A new World Bank report outlines the short and medium-term toll the Ebola crisis could take on the three most heavily affected countries – Guinea, Liberia and Sierra Leone – if those countries and their partners don’t immediately ramp up efforts to contain the disease outbreak. Estimates of the impact on the three countries for 2015 range from $97 million (if the epidemic is rapidly contained) to $809 million (if control of the epidemic is delayed).
The impact is already evident in Guinea, Liberia and Sierra Leone, the three countries with the highest number of Ebola cases. Early estimates for growth in Guinea have been halved from 4.5% to 2.4% as a result of the disease. Already among the poorest countries in West Africa with a population of 12 million, Guinea has seen the biggest losses in its agriculture industry. An exodus of farm workers from the countryside has meant lower exports of key products like cocoa and palm oil.
Sierra Leone, once navigating toward Middle Income status at an 11.3% annual growth rate could see growth of only 8% in 2014 and zero in 2015. The disease has spread to all but one of the country’s 13 districts, with four doctors and 30 nurses among the dead. The country has been devastated by restrictions on international travel, the closing of markets, disruption of farming activities and a slow-down in critical mining operations as a result of foreign workers fleeing the country for fear of contracting Ebola.
Liberia is currently the country worst affected by the Ebola crisis.

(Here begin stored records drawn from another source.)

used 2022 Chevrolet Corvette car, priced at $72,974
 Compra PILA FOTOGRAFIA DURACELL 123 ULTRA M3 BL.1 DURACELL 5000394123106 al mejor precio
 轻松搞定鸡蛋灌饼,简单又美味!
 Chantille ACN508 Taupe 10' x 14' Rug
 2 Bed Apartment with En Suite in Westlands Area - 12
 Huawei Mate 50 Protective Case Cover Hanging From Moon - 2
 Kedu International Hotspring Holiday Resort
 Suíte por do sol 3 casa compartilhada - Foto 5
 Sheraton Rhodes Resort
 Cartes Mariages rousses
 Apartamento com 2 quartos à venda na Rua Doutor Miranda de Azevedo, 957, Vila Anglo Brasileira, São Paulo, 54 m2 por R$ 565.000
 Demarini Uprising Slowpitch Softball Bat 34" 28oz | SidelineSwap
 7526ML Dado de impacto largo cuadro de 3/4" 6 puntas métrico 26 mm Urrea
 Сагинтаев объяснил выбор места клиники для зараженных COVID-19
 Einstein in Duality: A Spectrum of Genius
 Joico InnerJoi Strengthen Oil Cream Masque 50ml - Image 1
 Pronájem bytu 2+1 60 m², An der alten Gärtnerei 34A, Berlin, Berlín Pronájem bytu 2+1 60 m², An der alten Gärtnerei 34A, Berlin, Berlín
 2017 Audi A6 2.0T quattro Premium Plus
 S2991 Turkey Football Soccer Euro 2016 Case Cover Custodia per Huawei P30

The virus has spread quickly, rates of infection are surging and deaths continue to rise. According to the report: “The largest economic effects of the crisis are not the direct costs (mortality, morbidity, caregiving, and the associated losses to working days),” the report reads, “but rather those resulting from changes in behavior–driven by fear–which have resulted in generally lower demands for goods and services and consequently lower domestic income and employment.”
The country could see negative growth rates in 2015—if Ebola is not quickly contained—impacted by the closure of one the country’s two major mining companies as a result of the disease outbreak and by disruptions to farming and agriculture. The services sector has also been affected. Liberia has seen incoming commercial flights slump from 27 per week to just six. Some hotels have reported occupancy rates as low as 10% leading many hotel workers to lose their jobs.
So far, neighboring countries have had limited economic impacts as a result of the epidemic, but that could change if measures are not taken to quickly contain the disease and prevent its spill-over, the report warns. Countries that could be affected include Nigeria, Cote d’Ivoire, Guinea-Bissau, Senegal and The Gambia.
The overall impact of Ebola is evident in two distinct areas, the report reads. First are the direct and indirect effects of sickness and death. Second are the behavioral effects resulting from peoples’ fear of a spreading epidemic, which in turn leads to a fear of interacting with others, closes the workplace, disrupts transportation and panics governments and businesses into closing seaports and airports.